They went through the house, looked around, didn’t touch us, and left.
The blue morning haze was still hanging outside. Chilly air. Mama and I watched from behind the gate: a neighbor was pushed out into the street, they were tying his hands, the teacher was taken, too…They tied everybody’s hands behind their backs and stood them two by two. I had never seen a man tied up. I began to shiver. My mother chased me away: “Go into the house, put on your jacket.” I stood there in my shirt, trembling all over, but didn’t go into the house.
Our house stood right in the middle of the village. They gathered everybody there. It all happened quickly. The prisoners were standing, their heads bowed. They counted them according to their list, and led them outside the village. There were many village men and the woman teacher.
The women and children ran after them. They were led quickly. We were left behind. We ran up to the last barn and heard gunshots. People started falling, falling and getting back up. They executed them quickly and were about to leave. One German on a motorcycle turned around and drove all over those dead people. He had something heavy in his hands…Either a bludgeon or a crank from his motorcycle…I don’t remember…Driving slowly, without getting off of the motorcycle, he smashed all of their heads…Another German wanted to finish them off with his gun; but the first one waved his hand as if to say no need. They all drove off, but he didn’t drive off until he had smashed everyone’s head. I had never heard the sound of cracking human bones…I remember that they cracked like ripe pumpkins, when my father split them with an ax and I scraped out the seeds.
I got so scared that I abandoned mama and everybody and ran off somewhere. Alone. I didn’t hide in a house, but for some reason in a barn; mother looked for me for a long time. I couldn’t utter a word for two days. Not a sound.
I was afraid to go outside. I saw through the window a man carrying a board, a second an ax, and a third a bucket. The boards were trimmed, the smell of freshly planed wood was in every yard, because in almost every yard there was a coffin. Even now I get a lump in my throat from that smell. To this day…
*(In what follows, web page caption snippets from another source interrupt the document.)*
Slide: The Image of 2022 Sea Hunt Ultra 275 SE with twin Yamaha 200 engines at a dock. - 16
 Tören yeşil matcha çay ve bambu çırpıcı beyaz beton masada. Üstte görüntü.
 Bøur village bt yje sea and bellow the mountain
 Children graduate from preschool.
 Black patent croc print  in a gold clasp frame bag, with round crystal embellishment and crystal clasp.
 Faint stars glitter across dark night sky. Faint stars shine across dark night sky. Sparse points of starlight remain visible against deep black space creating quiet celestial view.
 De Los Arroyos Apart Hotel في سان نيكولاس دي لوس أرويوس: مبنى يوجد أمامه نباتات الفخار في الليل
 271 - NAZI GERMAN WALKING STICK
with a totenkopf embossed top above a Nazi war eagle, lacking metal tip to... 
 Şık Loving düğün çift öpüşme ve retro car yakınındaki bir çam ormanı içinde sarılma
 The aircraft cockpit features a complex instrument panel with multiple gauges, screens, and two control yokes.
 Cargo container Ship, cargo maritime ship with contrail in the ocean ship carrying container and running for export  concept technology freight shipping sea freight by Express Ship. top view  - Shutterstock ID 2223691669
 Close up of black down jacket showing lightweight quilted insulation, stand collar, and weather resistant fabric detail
In the coffins lay people I knew. None had their heads. Instead of their heads, something wrapped in a white cloth…Whatever could be found…
…My father came back with two partisans. It was a quiet evening, the cows had been brought in. It was time for bed, but my mother prepared us to set out. We put on our suits. I had two other brothers—one was four years old, the other nine months old. I was the biggest. We got to the forges, stopped there, and my father looked back. I also looked back. The village no longer looked like a village, but like a dark, unknown forest.
Mama carried my little brother. My father carried the bundles and my middle brother. And I couldn’t keep up with them. A young partisan said, “Put him on my back.”
So he carried his machine gun and me…
“WE ATE…THE PARK…”
Anya Grubina TWELVE YEARS OLD. NOW AN ARTIST.
I lose my voice when I tell about this…My voice dies…
We arrived in Minsk after the war. But I’m a Leningrad girl. I survived the siege there. The siege of Leningrad…When the whole city, my dear and beautiful city, was starving to death. Our papa died…Mama saved her children. Before the war, she had been a “firebrand.” My little brother Slavik was born in 1941. How old was he when the siege began? Six months, just about six months…She saved this little one, too…All three of us…But we lost our papa. In Leningrad, everybody lost their papa, the papas died sooner, but the mamas stayed alive. I guess they couldn’t die. Otherwise who would have been there for us?
When the ring of the siege was broken through, we were taken out on the “road of life” to the Urals, to the city of Karpinsk. The children were saved first. Our entire school was evacuated. On the road, everybody talked constantly about food, about food and parents. In Karpinsk we immediately rushed to the park; we didn’t stroll in the park, we ate it. We especially liked larch, its fluffy needles—they’re so delicious! We ate the young shoots from small pine trees, we nibbled grass. From the time of the siege, I knew about every kind of edible grass; in the city people ate all that was green. In the parks and the botanical garden, the leaves were already gone in the spring. But in the park of Karpinsk there was a lot of wood sorrel, also called hare cabbage. This was in 1942. In the Urals, too, there was hunger, but not as terrible as in Leningrad.